Bayesian Hierarchical Models bring new life to estimating species richness with non-linear functions
Talk, American Fisheries Society - Annual Meeting, 2023
Recommended citation: Toavs, T. R., Hasler, C. T., Suski, C. D., & Midway, S. R. (2022). "Bayesian Hierarchical Models bring new life to estimating species richness with non-linear functions." American Fisheries Society Annual Meeting. Grand Rapids, Michigan
Presenting the use of BHMs to estimate species richness.
Abstract
Species richness, the number of species in a defined environment, is often estimated from species accumulation curves (SAC), which are graphical representations of the aggregate number of unique species discovered in an environment with increasing sampling effort.
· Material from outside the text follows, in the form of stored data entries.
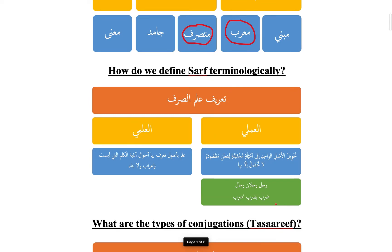The second question is: how do we define al-sarf from a terminological perspective? We know that sarf linguistically refers to al-tagheer or al-tahweel — to morph or to change. From it comes the classic money exchange services. When you go to someone who exchanges money — for example pounds for dollars, euro for lira — you call them a sarraf. Even in our mother tongue, we say 'go to the sarf place,' the place where they exchange money. So sarf linguistically refers to a change or a moving.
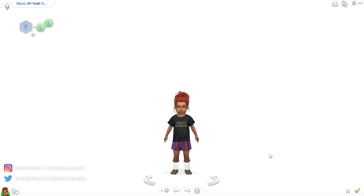Hey, what's up everybody and welcome back to my channel! If you're new, my name is Sierra, also known as Sierra the Simmer. Today I'm going to be showing you how I make my toddler Sims from start to finish. We're going to get straight into it — I have a randomized female toddler, and first I'm going to take everything off of her. She has randomized clothes: a random shirt, skirt, and some boots.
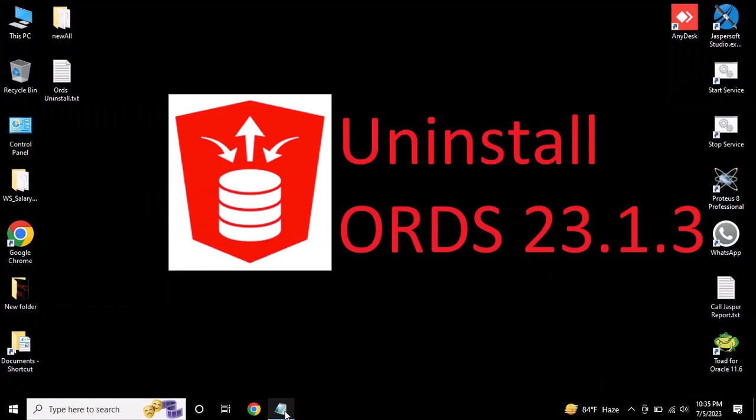Hi, today in this video I will show you how to uninstall ORDS from your Windows operating system. Without wasting much of your time, let's learn how to uninstall ORDS.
Generally, SACs increase steeply with initial sampling effort and then rise slowly as the effort accumulated and is thought to be approaching the true species richness for the sampling location. The decrease in the accumulation rate allows for fitting a rarefaction curve to a SAC, even in situations with relatively low effort, which then can be extrapolated to an asymptote that serves as the species richness estimate. Different methods of rarefying SACs exist including conventional non-parametric estimators (e.g., Chao and Jackknife) and also non-linear asymptotic functions (NLF). NLFs have received criticism for performance, precision, and fit issues, but with increasing access to big data and advanced statistical methods, these concerns may be alleviated. Species richness estimates with NLFs, specifically when data is spatiotemporally rich, could potentially be enhanced through the use of Bayesian hierarchical models (BHM). More specifically, BHMs that add a hierarchical structure to NLFs with the addition of random effects at the watershed level. Using a novel, continental-scale fish database and simulated data we examined species richness estimation with both BHMs and conventional non-parametric estimators to explore the potential of BHMs for species richness estimates. Preliminary results show similar estimates and precision captured in BHMs and conventional non-parametric estimators, along with an increase in performance and precision with the addition of random effects compared to no hierarchical structure in NLF.